On 1 September 1928, he rejoined the NSDAP while also joining the SA. On 1 April 1929, he became the leader of the SA detachment in Frankfurt. Beckerle was unusual among the SA leaders in that he was too young to have served in either the First World War and/or the Freikorps, and to make up for his lack of military experience, he became an especially zealous Nazi. From July 1931 to April 1932, he served as the leader of the SA group Hessen-Nassau South. On 24 April 1932, he was elected to the Landtag of Prussia as a Nazi. On 31 July 1932, he was elected to the Reichstag on the Nazi ticket from electoral constituency 19 (Hesse-Nassau) and retained this seat until the fall of the Nazi regime in May 1945.

==Under the Third Reich==
On 1 March 1933, he was promoted to the rank of Gruppenführer. From 1 July 1933 to 31 January 1942, he was in charge of the SA detachment in Hesse. On 14 September 1933, he was appointed acting police chief of Frankfurt and in February 1934 was appointed full-time police chief. Beckerle was one of the SA leaders scheduled for execution by the SS during the Night of Long Knives and only narrowly escaped execution due to the personal intervention of Adolf Hitler himself. Hitler's intervention in 1934 guaranteed Beckerle's unflinching loyalty towards der Führer that lasted for the rest of his life. On 27 February 1935, he married the actress Silke Edelmann. In 1937, he was promoted to the rank of SA-Obergruppenführer. As police chief of Frankfurt and SA leader, Beckerle played a major role in the Kristallnacht pogrom in Frankfurt, organising the burning of all the synagogues in Frankfurt.
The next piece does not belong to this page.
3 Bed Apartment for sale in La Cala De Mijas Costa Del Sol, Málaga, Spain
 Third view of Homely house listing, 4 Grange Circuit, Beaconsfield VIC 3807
After Germany invaded Poland in September 1939, Beckerle served as the police chief of Łódź, Poland from September 1939 to November 1939 where he was noted for his harsh treatment of the Polish, Jewish and Romany communities in Łódź. In report he wrote in the fall of 1939, Beckerle called the Jewish community in Łódź one of "the most dirty places of the most disgusting East European Jewry". Beckerle wrote about how much he hated the Orthodox Jewish men of Łódź in their long breads and "draped in dirty caftans" and the "insolent Jewish women". A leitmotiv of his report was linking the Ashkenazim (Yiddish-speaking Jews) with dirt and filth. From November 1939 – June 1940, Beckerle served in the Wehrmacht.

==Minister in Sofia==
In January 1941, long-standing rivalries between the Auswärtiges Amt (Foreign Office) and the SS exploded with the attempted coup d'état in Bucharest that saw SS back the coup by the Iron Guard under its leader Horia Sima against the Prime Minister, General Ion Antonescu while the Auswärtiges Amt together with the Wehrmacht backed Antonescu. In the aftermath of the coup, the Foreign Minister Joachim von Ribbentrop made an effort to club the power of the SS to conduct a foreign policy independent of the Auswärtiges Amt. Taking an advantage of the long-standing rivalries between the SS and the SA, in 1941, Ribbentrop appointed an assemblage of SA men to head the German embassies in Eastern Europe, with Beckerle going to Bulgaria, Manfred Freiherr von Killinger going to Romania, Siegfried Kasche to Croatia, Dietrich von Jagow to Hungary, and Hanns Ludin to Slovakia in order to ensure that there would be minimal co-operation with the SS. The SA leader Viktor Lutze was asked by Martin Luther for a list of SA officers suitable to serve as diplomats and Beckerle was one of the names on the list. The role of the SA ambassadors was that of "quasi-Reich governors" as they aggressively supervised the internal affairs of the nations they were stationed in, making them very much unlike traditional ambassadors. The German historian Daniel Siemans wrote that it was significant that four of the five SA ambassadors had served as policemen in their careers, suggesting it was their ability to impose their will on others as police chiefs that led to them being appointed as ambassadors.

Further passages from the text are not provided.